Our Mitsubishi mini-split air source heat pump seems to have a coil heater thingy in the outside compressor unit (I’ve commented on it before here) which runs year-round, even if it’s not cold outside. Seems to hover around 55 to 61 W when it’s on and goes on and off every 1/2 hour roughly. So that’s 28W on average let’s say. On 24h * 365days so…
(28 * 365 * 24) / 1 000 = 245.28 KWh
((28 * 365 * 24) / 1 000) * .15 = $36.79 assuming 15cents/KWh
To put this in perspective, recently I wrote that our actual yearly output from our PVs is currently 8230 KWh (which btw is close to the new england rule-of-thumb of 1.2*6.9KW rating), and since we have 30 panels, that is
8230 / 30 = 274.3 KWh / panel.
In other words… we are using almost a whole panel on our roof to do nothing but keep the heat pumps sitting idling when they are unused. (“net” of course. since we are grid-tied with no batteries for night and clouds)

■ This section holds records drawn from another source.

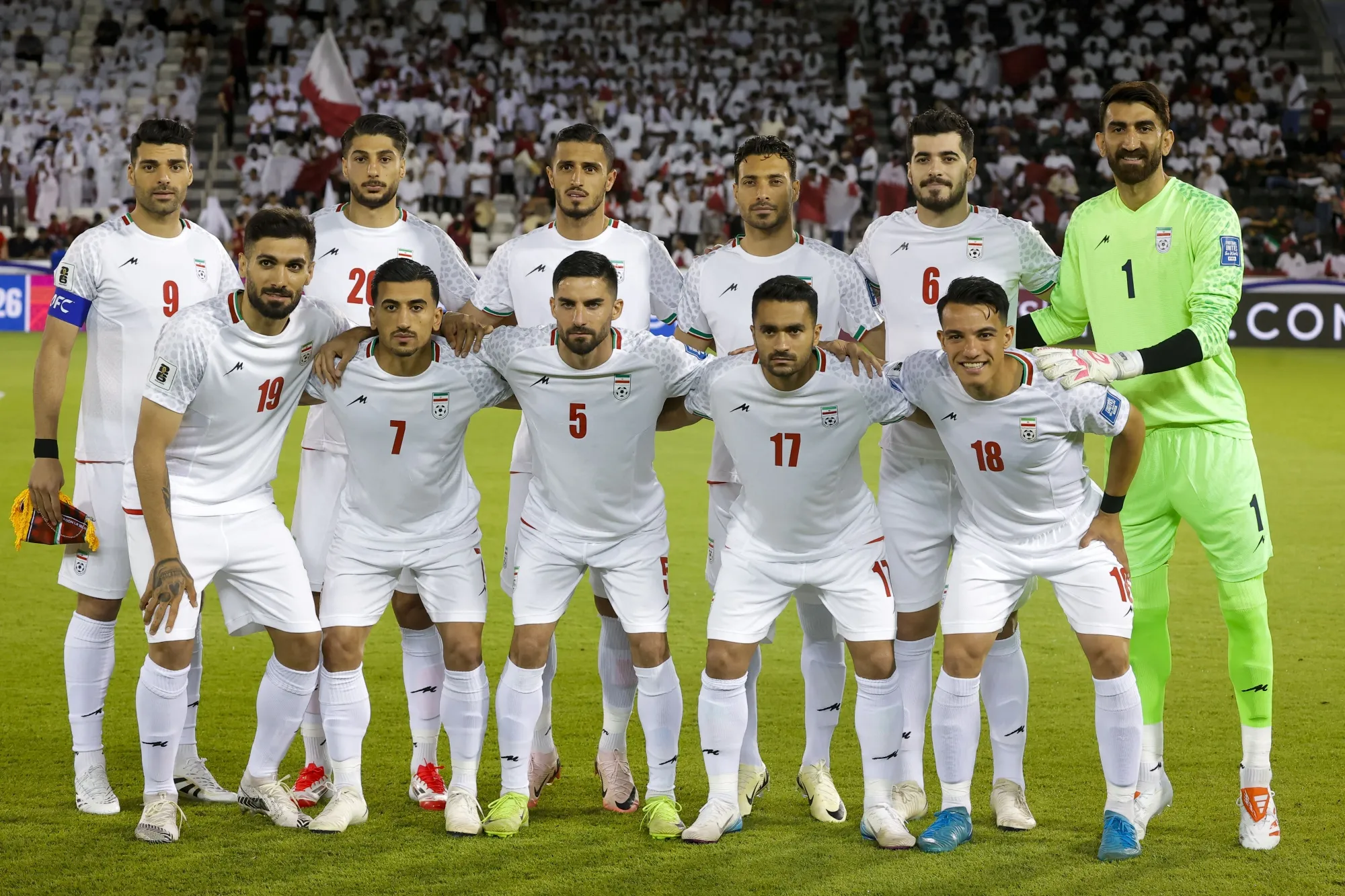 Iran’s players pose for a group picture ahead of the 2026 FIFA World Cup Asian Qualifier football match between Qatar and Iran in Doha on June 5, 2025.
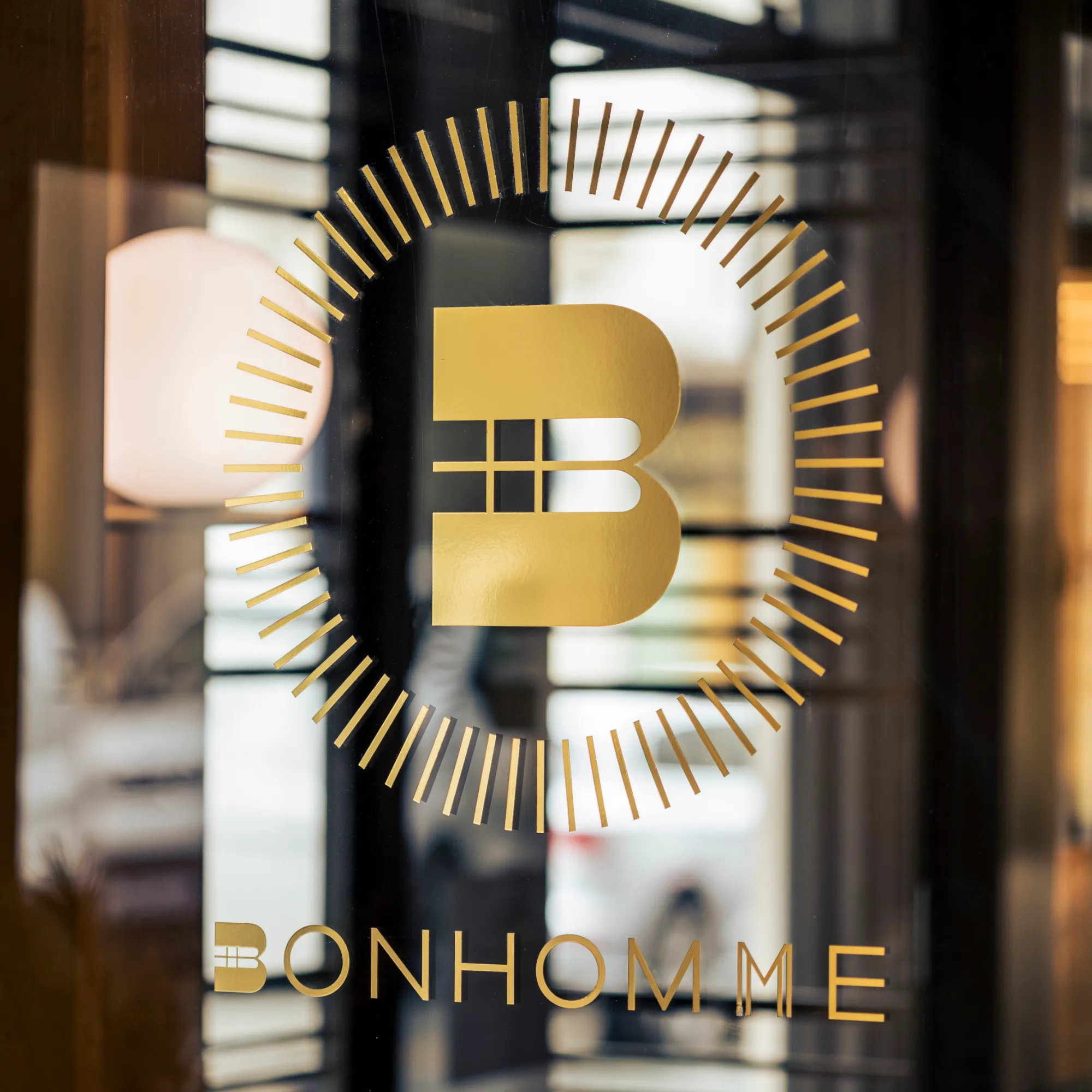 Logo doré stylisé avec un grand B entouré de traits dorés formant un cercle et le mot BONHOMME en dessous sur une porte en verre reflétant l'intérieur d'un bâtiment.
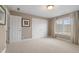 A large bedroom with carpeted floors and many closets at 999 Box Turtle Ct, Columbus, IN 47201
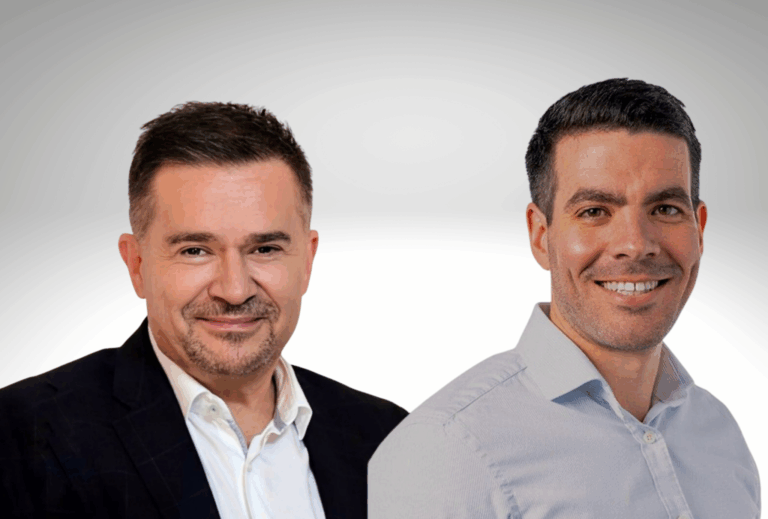 Two white businessmen with short dark hair and clean shaven, both wearing open neck shirts, left one has a jacket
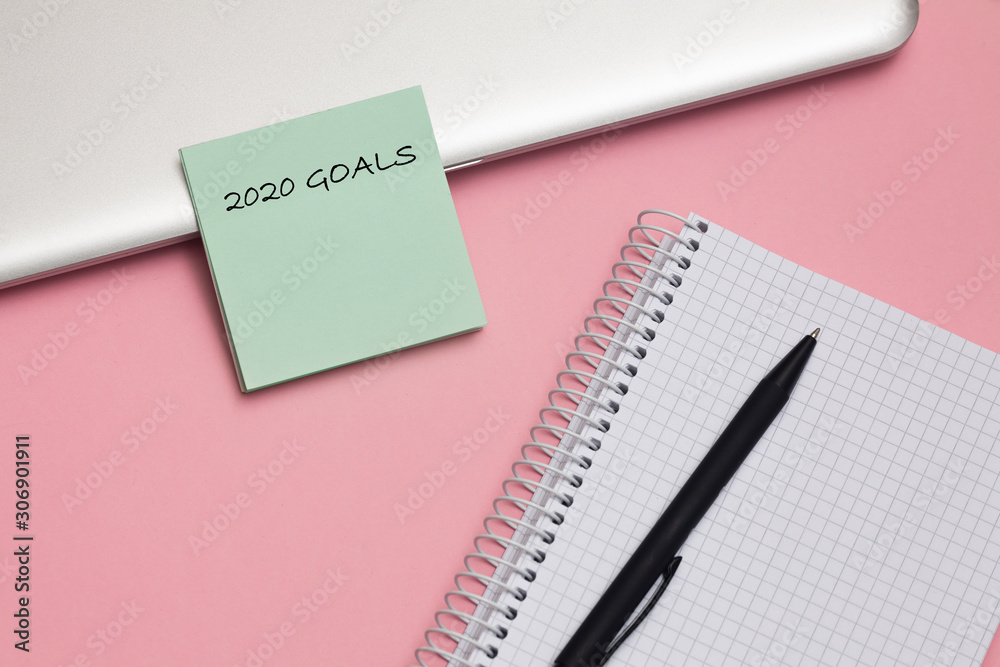2020 goals text on notepad with pen on pink background. Business motivation, inspiration concept.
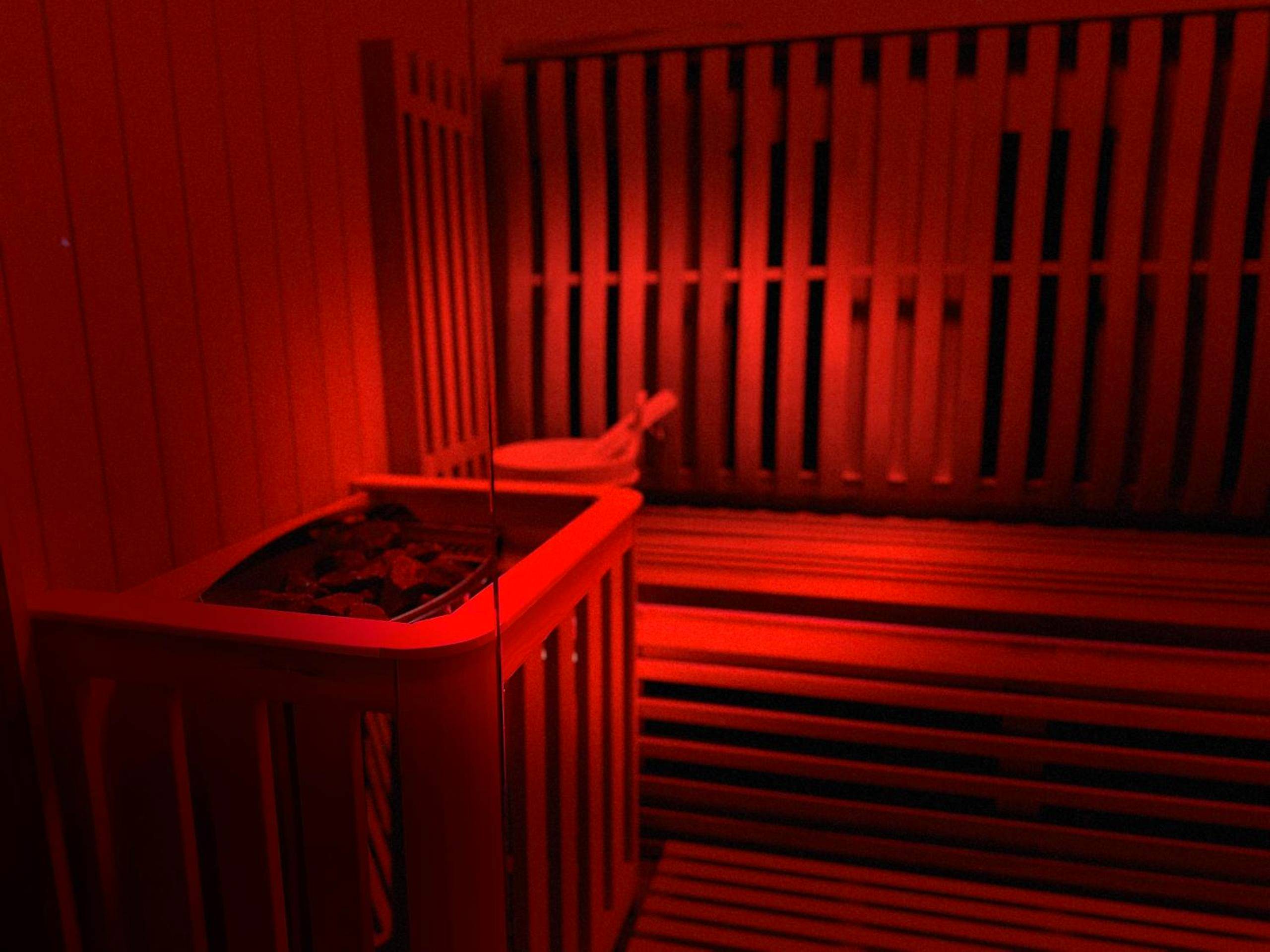 Sauna traditionnel avec lumière rouge - Appart Hotel Spa Perpignan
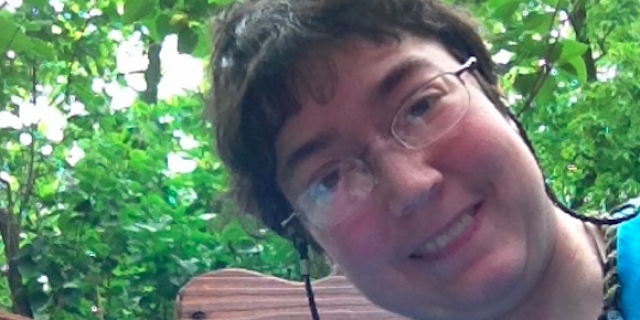 What I Want People to Know About Living With Gastroparesis Contributor, a woman with short hair and glasses, outside on a deck surrounded by trees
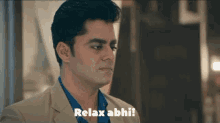 a man in a suit says relax abhi on the screen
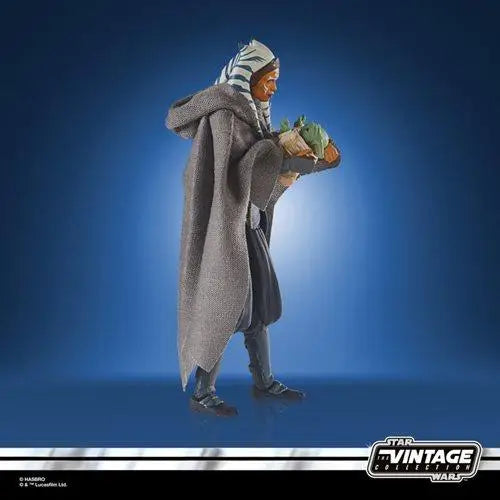 Vintage Collection Deluxe Ahsoka Tano & Grogu Action Figures - man in gray coat holding green bag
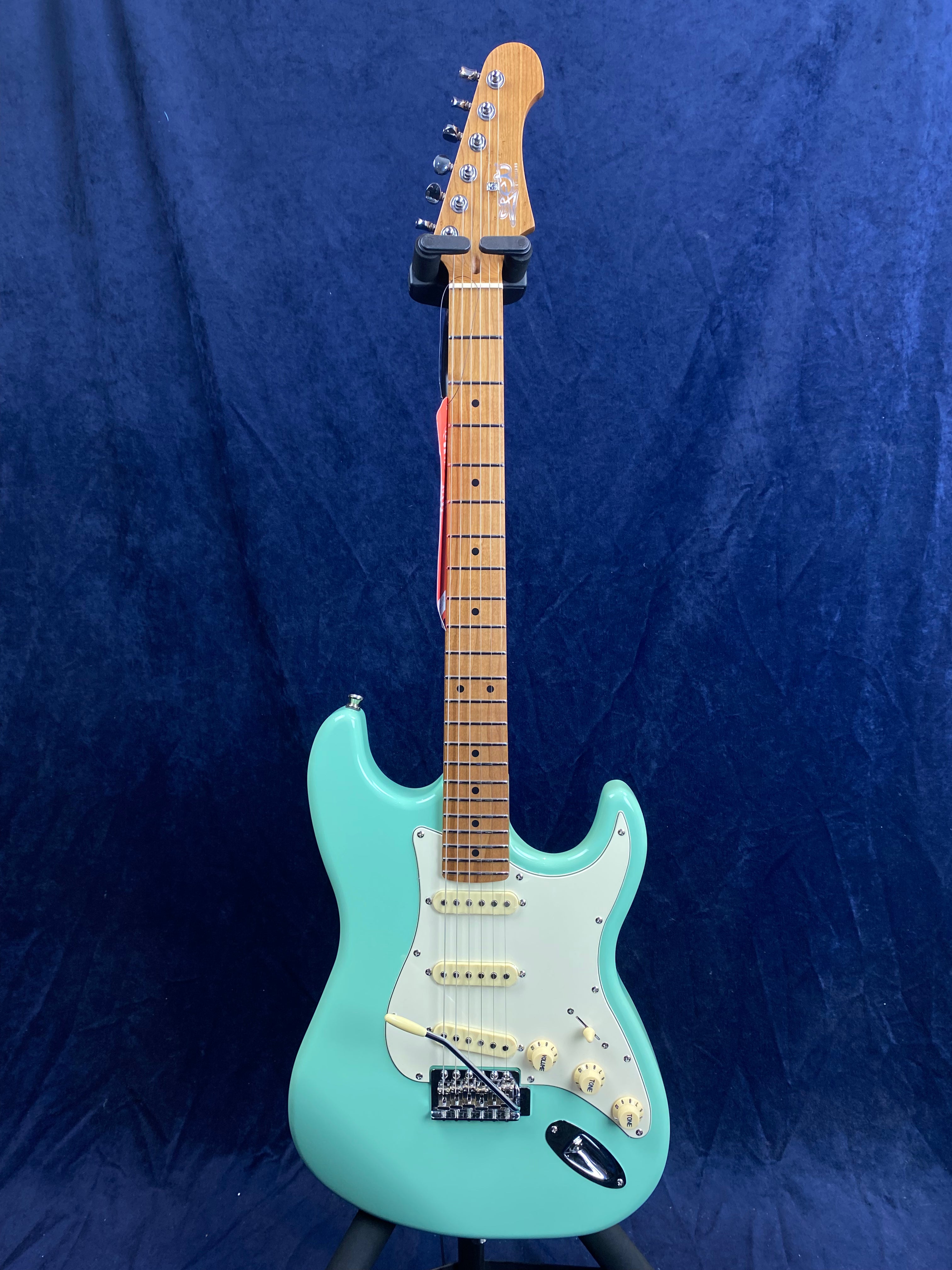 Seafoam green electric guitar with a white pickguard, three single-coil pickups, and a light-colored maple neck and fretboard.
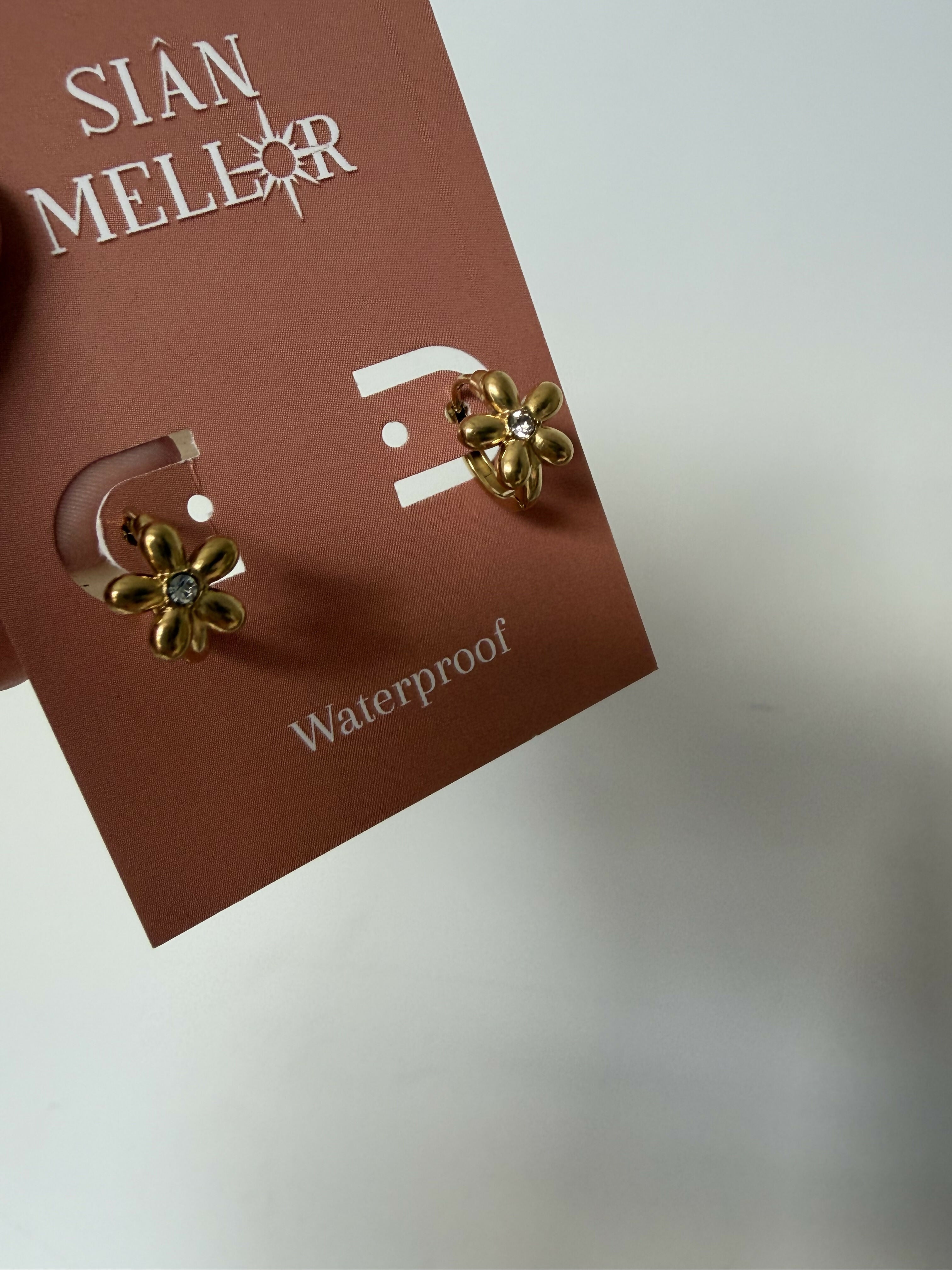 gold flower huggie hoops
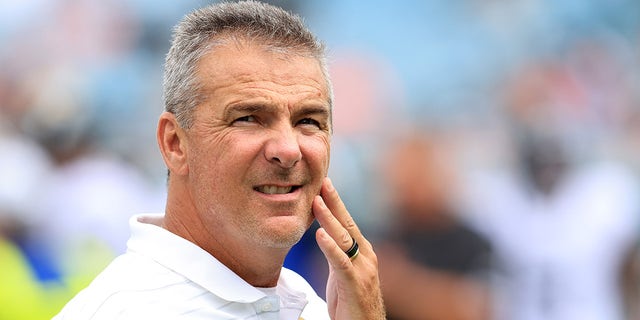 Jacksonville Jaguars head coach Urban Meyer watches warm-ups during the game at TIAA Bank Field on September 19, 2021 in Jacksonville, Florida.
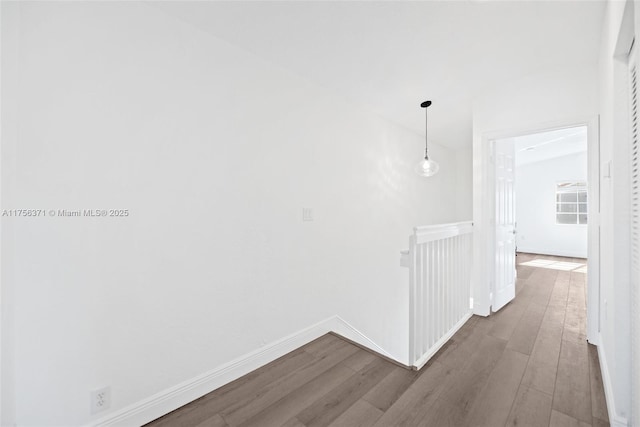 hall with baseboards, wood finished floors, and an upstairs landing
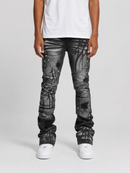 A person wearing distressed black and gray denim jeans with metallic rivet embellishments, paired with a white t-shirt and white sneakers, shown from the waist down on a light gray studio background.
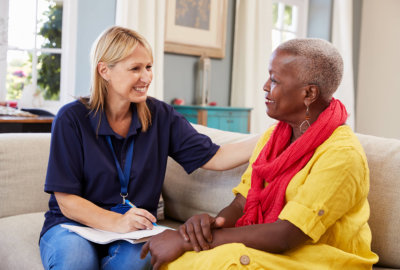 caregiver and a senior woman having a conversation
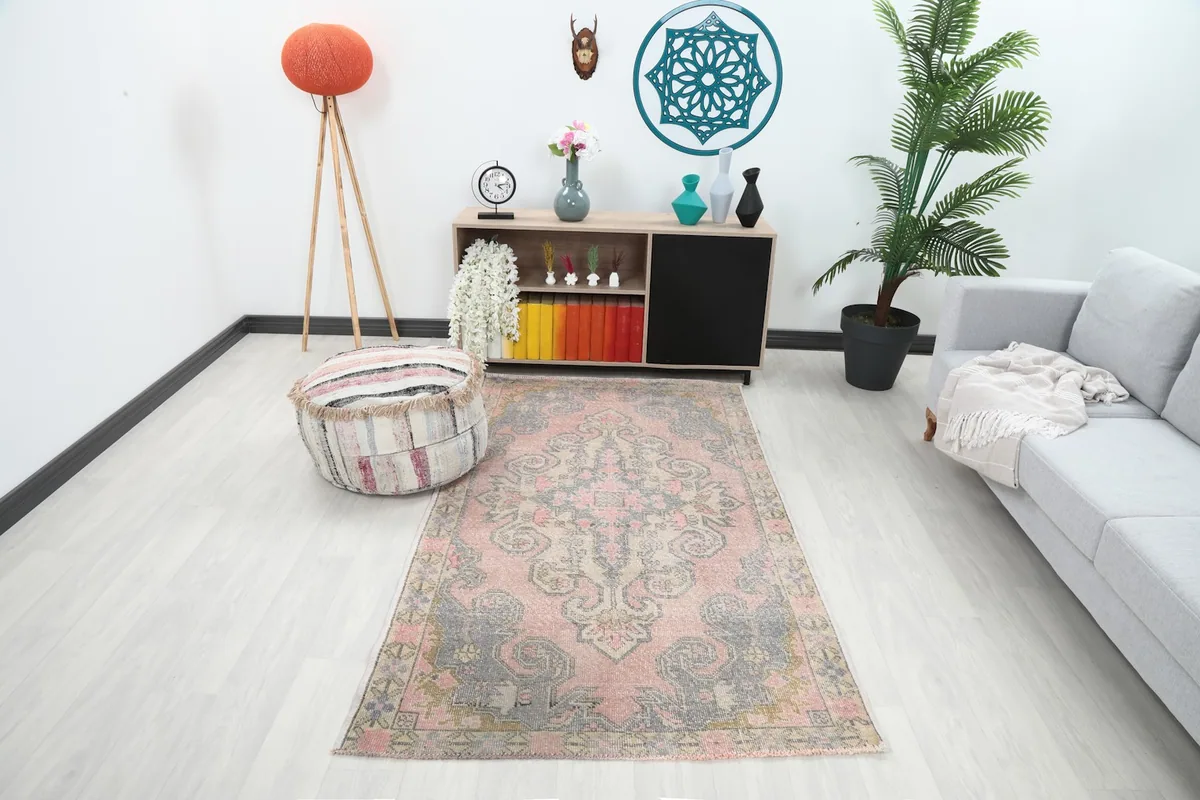 Rose and gray vintage rug placed in a modern living space with a light gray sofa and a pouf.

Don’t get me wrong, I think air-source heat pumps are great and definitely an interesting choice vs a boiler or furnace and AC. I am sure they are continuing to make them better and better each year. The “hyperheat” h2i models from mitsubishi work well way down to something like -5F, whereas ours I think start limping at more like 5F I believe. -5F. That’s sweet. I wonder if there is a catch. I assume they operate more efficiently at more reasonable temps too. I will have to peruse the curves in the service manual PDFs online to see.